▸ **Requirement**
Once you find the line below that has "Alluring Red Romantic Flower Lace Babydoll", output it and every line after it exactly, stopping after the line that has "Carnilove kattenvoer Active", with no pictures.

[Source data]
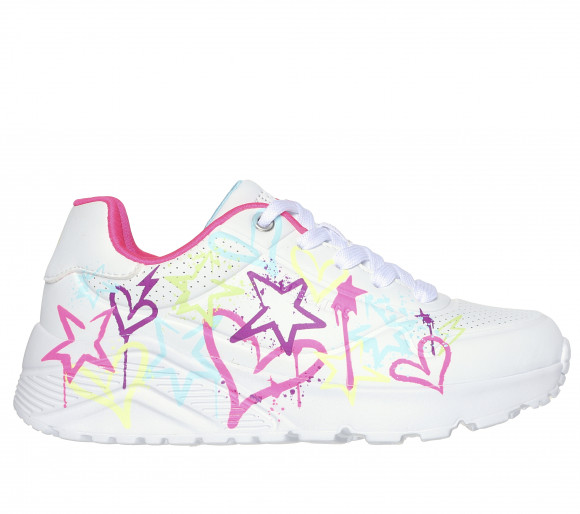 Skechers Girls Uno Lite - My Drip Sneaker in White - 310391L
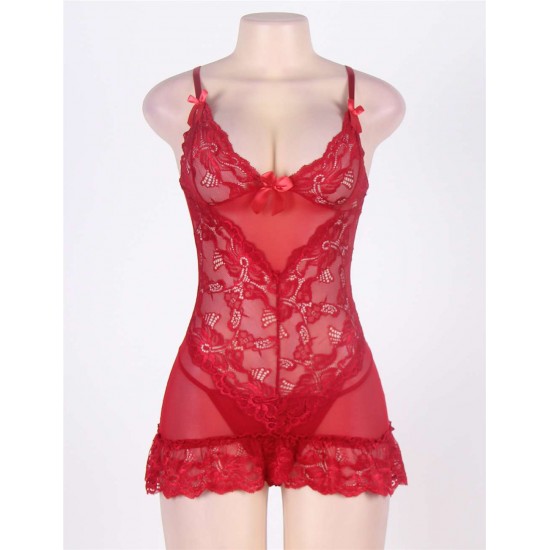 Alluring Red Romantic Flower Lace Babydoll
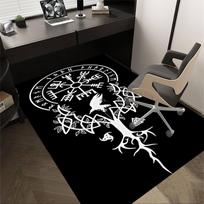 1 vnt. Valknut Varnos Kilimas Neslystantis Poliesterio Grindų Kilimėlis biurui.Miegamajam 60cm by 90cm gray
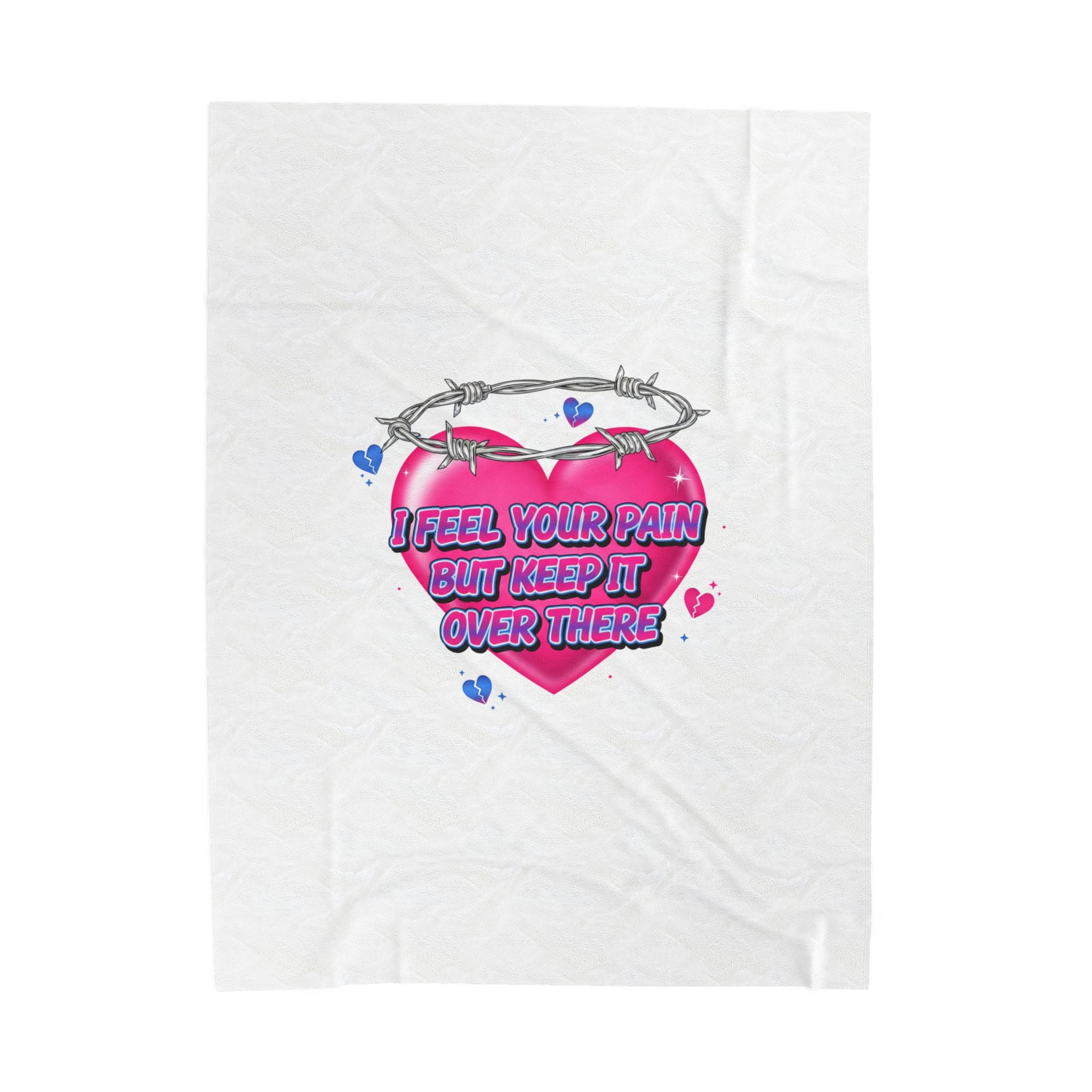 I Feel Your Pain But Keep It Over There Plush Blanket | Softcore Airbrush, Y2K Neon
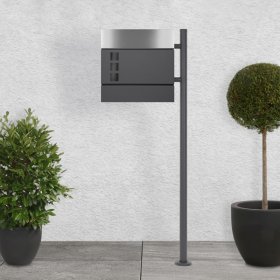 Standbriefkasten mit Zeitungsfach 37 cm Anthrazit inkl. Ständer 120 cm hoch Anthrazit Briefkasten freistehend Standbriefkasten mit Zeitungsfach 37 cm Anthrazit inkl. Ständer 120 cm hoch Anthrazit Briefkasten freistehend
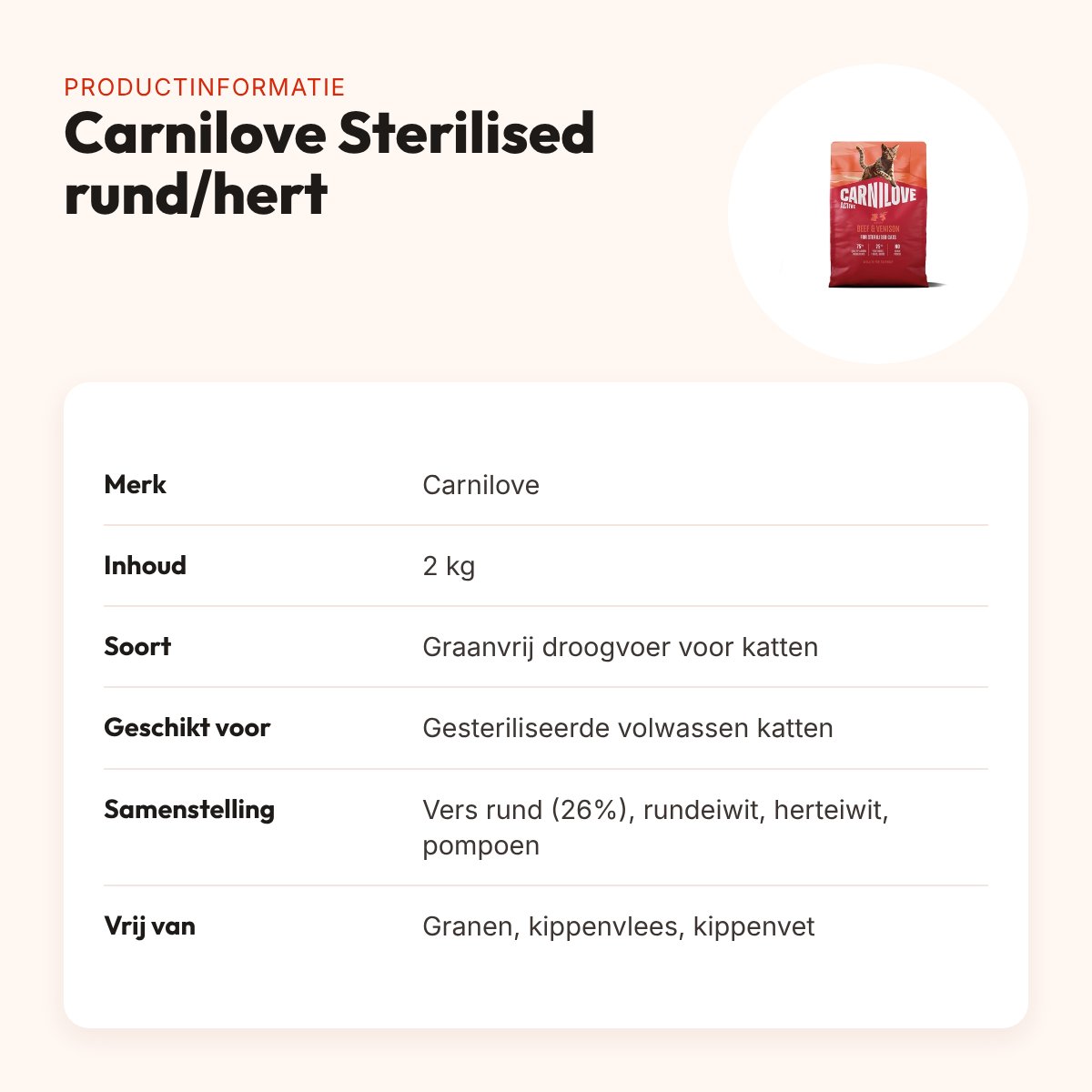 Carnilove kattenvoer Active Sterilised rund en hert 2 kg – graanvrij – productinformatie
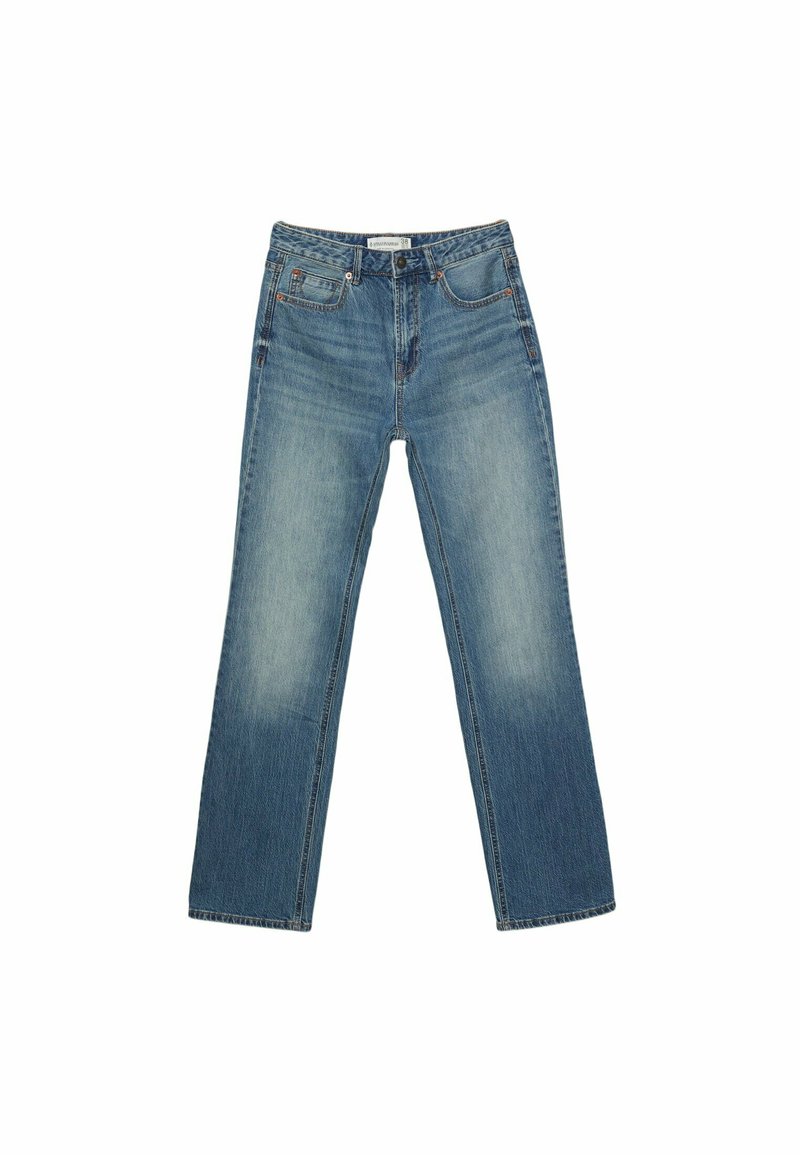 Stradivarius Straight leg jeans blauw gemêleerd Stradivarius Straight leg jeans blauw gemêleerd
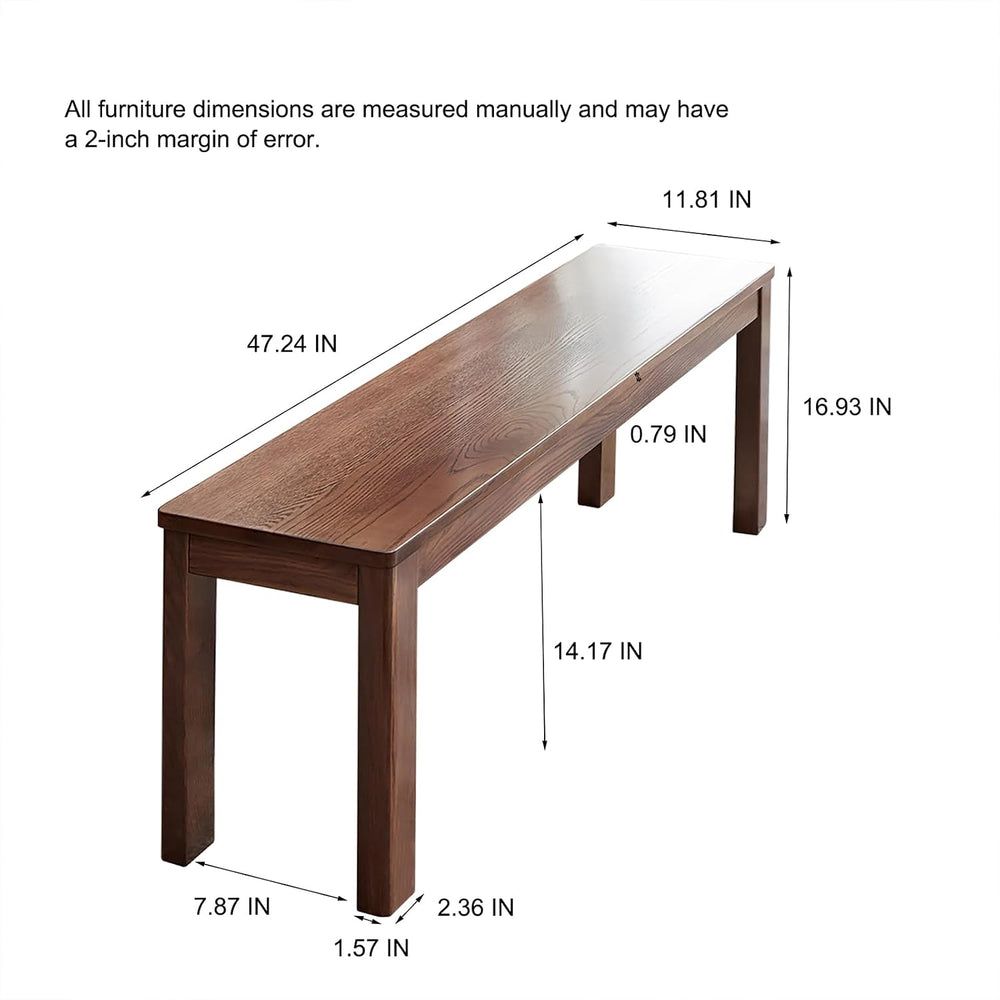 47.24" Solid Oak Narrow Walnut Dining Bench | Mid-Century Modern, Oak Sk...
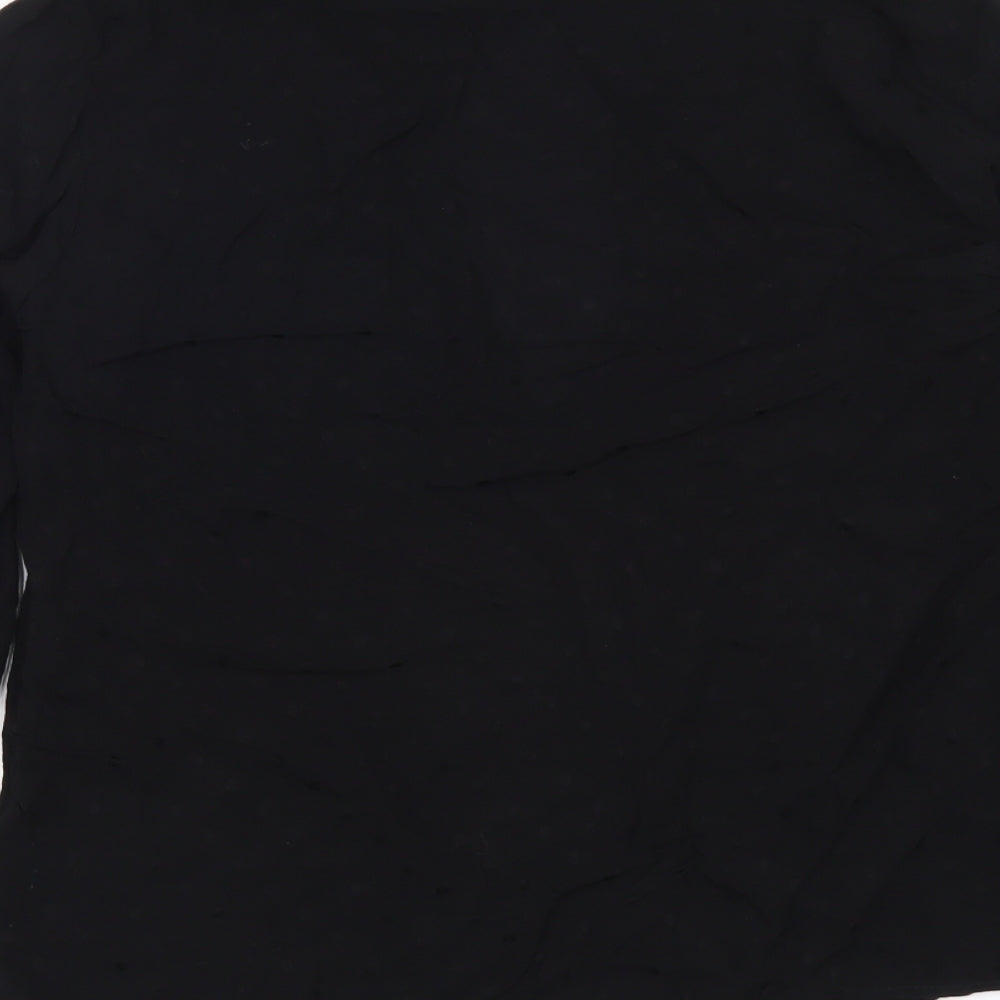 Cooperative Womens Black Polyester Basic Blouse Size M Mock Neck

▸ **Output of the task**
 Alluring Red Romantic Flower Lace Babydoll
 1 vnt. Valknut Varnos Kilimas Neslystantis Poliesterio Grindų Kilimėlis biurui.Miegamajam 60cm by 90cm gray
 I Feel Your Pain But Keep It Over There Plush Blanket | Softcore Airbrush, Y2K Neon
 Standbriefkasten mit Zeitungsfach 37 cm Anthrazit inkl. Ständer 120 cm hoch Anthrazit Briefkasten freistehend Standbriefkasten mit Zeitungsfach 37 cm Anthrazit inkl. Ständer 120 cm hoch Anthrazit Briefkasten freistehend
 Carnilove kattenvoer Active Sterilised rund en hert 2 kg – graanvrij – productinformatie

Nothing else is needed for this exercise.